What the task asks
Reproduce verbatim all of the data given below, but do not carry over the images.

Provided material

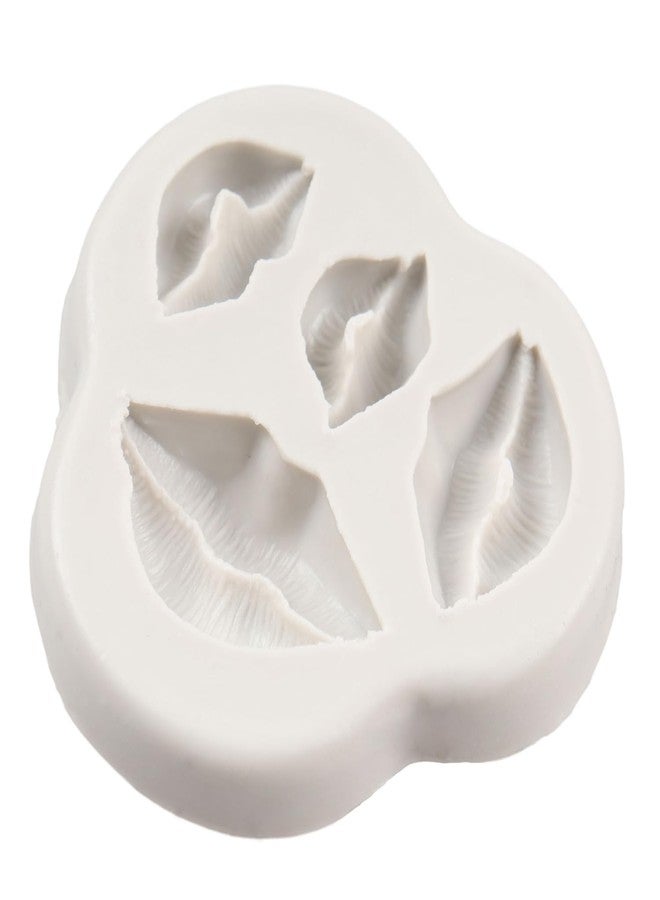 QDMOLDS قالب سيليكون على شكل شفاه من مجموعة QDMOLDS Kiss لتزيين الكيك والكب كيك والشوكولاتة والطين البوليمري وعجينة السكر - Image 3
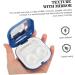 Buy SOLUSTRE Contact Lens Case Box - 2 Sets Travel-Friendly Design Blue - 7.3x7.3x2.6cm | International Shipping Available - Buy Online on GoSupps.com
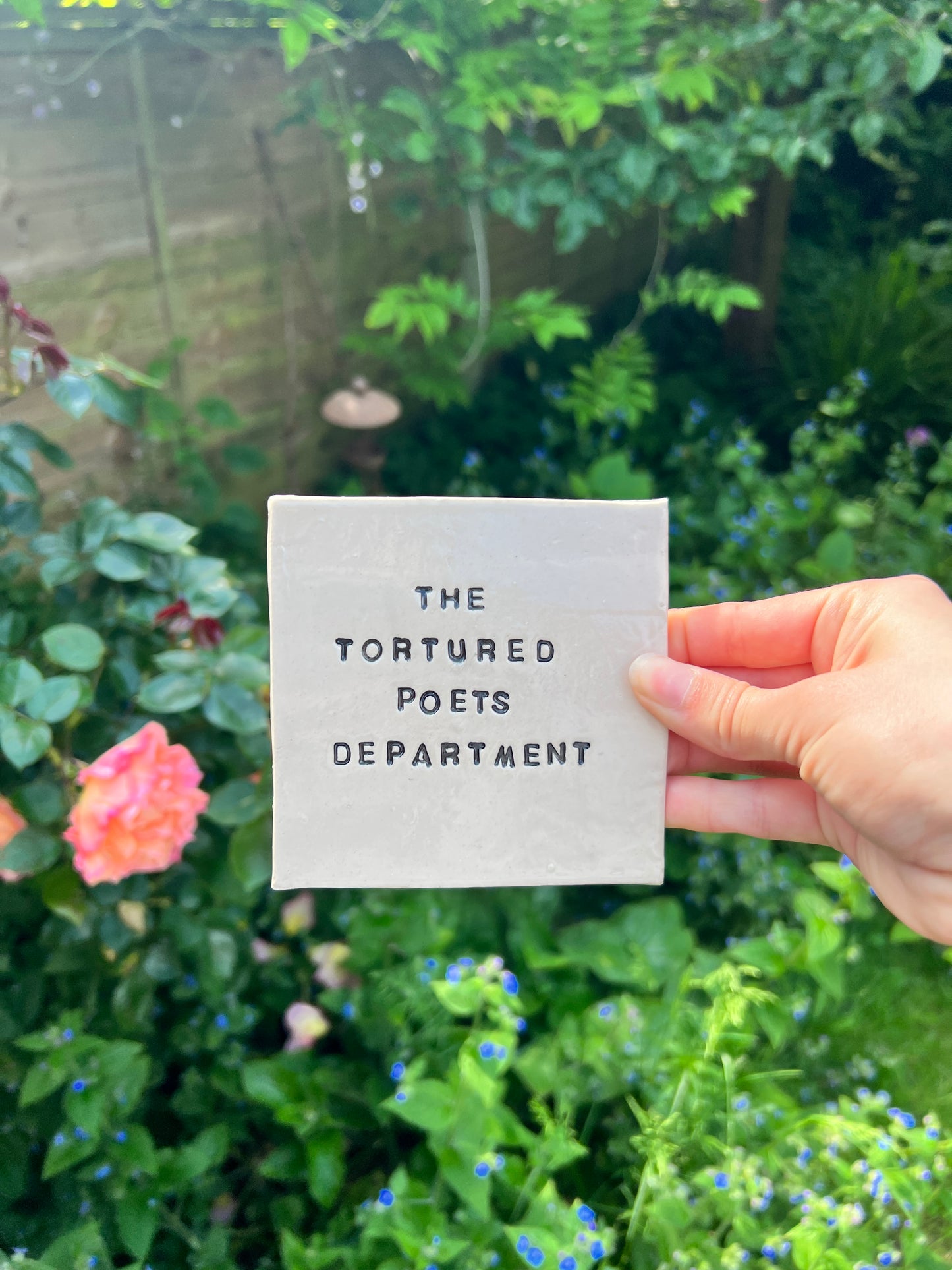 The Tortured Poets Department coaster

Answer area
 QDMOLDS قالب سيليكون على شكل شفاه من مجموعة QDMOLDS Kiss لتزيين الكيك والكب كيك والشوكولاتة والطين البوليمري وعجينة السكر - Image 3
 Buy SOLUSTRE Contact Lens Case Box - 2 Sets Travel-Friendly Design Blue - 7.3x7.3x2.6cm | International Shipping Available - Buy Online on GoSupps.com
 The Tortured Poets Department coaster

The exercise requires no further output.